INFORMATION SHOWN:
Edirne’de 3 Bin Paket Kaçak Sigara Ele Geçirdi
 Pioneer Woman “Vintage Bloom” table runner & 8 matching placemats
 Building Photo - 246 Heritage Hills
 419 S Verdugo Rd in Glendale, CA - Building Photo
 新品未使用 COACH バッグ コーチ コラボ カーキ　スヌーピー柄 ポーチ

TASK REQUIREMENTS: Return each line of the data exactly as written above.

EXPECTED OUTPUT:
Edirne’de 3 Bin Paket Kaçak Sigara Ele Geçirdi
 Pioneer Woman “Vintage Bloom” table runner & 8 matching placemats
 Building Photo - 246 Heritage Hills
 419 S Verdugo Rd in Glendale, CA - Building Photo
 新品未使用 COACH バッグ コーチ コラボ カーキ　スヌーピー柄 ポーチ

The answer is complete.